Werner left Anfield on Saturday after watching a display from Alexander Isak that left many questioning what exactly ownership group FSG had bought for their £125m.

The Swede was Liverpool’s marquee summer signing, acquired from Newcastle United after a prolonged, acrimonious pursuit that included the striker downing tools to get his move.

The British record fee came after Liverpool spent £116m on Germany’s Florian Wirtz, who is yet to record a goal or assist in the Premier League this season.

Wirtz, who has struggled with the Premier League’s physical intensity and is yet to look a neat fit either in a role behind Liverpool’s striker or out on the left, was out injured against Forest.

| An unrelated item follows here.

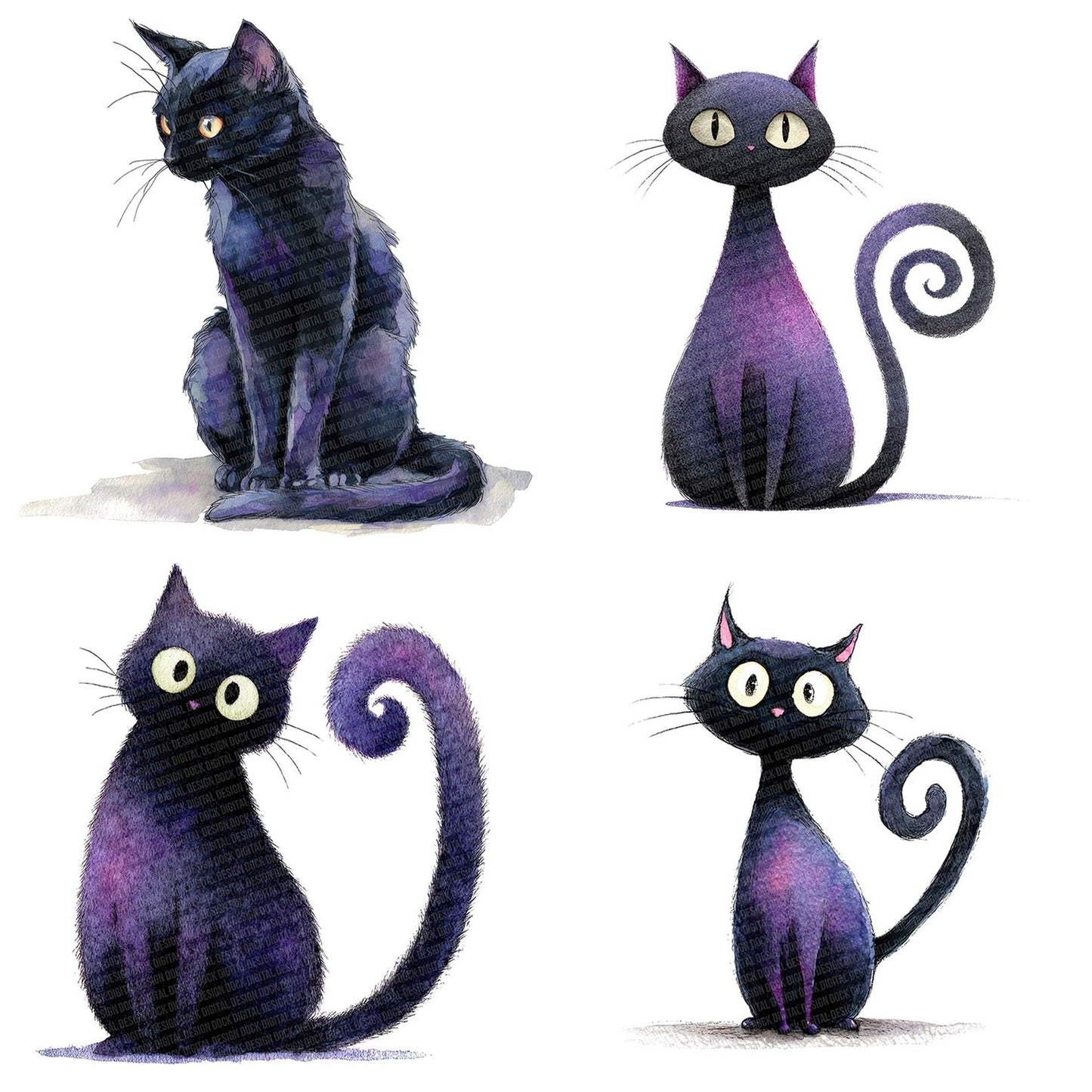 Watercolour Black Cat Clipart Set (DDD006984)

The pair have undoubted quality, but Slot needs to get them delivering very soon. It is the very least £241m should deliver.

It was Isak who brought Liverpool’s struggles into sharp relief with an abysmal individual performance against Forest.

Isak arrived at Liverpool under-cooked after his Newcastle exile, while a groin injury also stalled his settling-in period but, even taking these factors into consideration, he was alarmingly poor before Slot called time on him after 68 minutes.

Isak, who proved his brilliance on Tyneside, was non-existent, his body language defeatist. Lightweight, lethargic, lost.

The statistics deliver a damning indictment. Isak had 14 touches, 11 in the first half, only two in the opening 25 minutes.

Isak’s lack of impact prompted justifiable claims that even the much-maligned and now departed Darwin Nunez would have at least run around a bit in a bid to make things happen.

Hugo Ekitike has been the success of Liverpool’s summer incomings, but Slot’s decision to start with Isak meant the Frenchman was reduced to a substitute’s role, playing on the left-flank against Forest when he came on after 55 minutes.

Ekitike is Liverpool’s top scorer with six this season and has also scored his first goal for France. Selecting Isak ahead of him lacked logic, smacking of a manager groping for answers, almost trying to get an expensive signing to play himself into the team.

There is little evidence, so far, that both can play together. At a cost of almost £200m, it looks like one or other must settle for a place on the bench.

Ekitike has shown quality. Isak, for now, remains a very costly problem.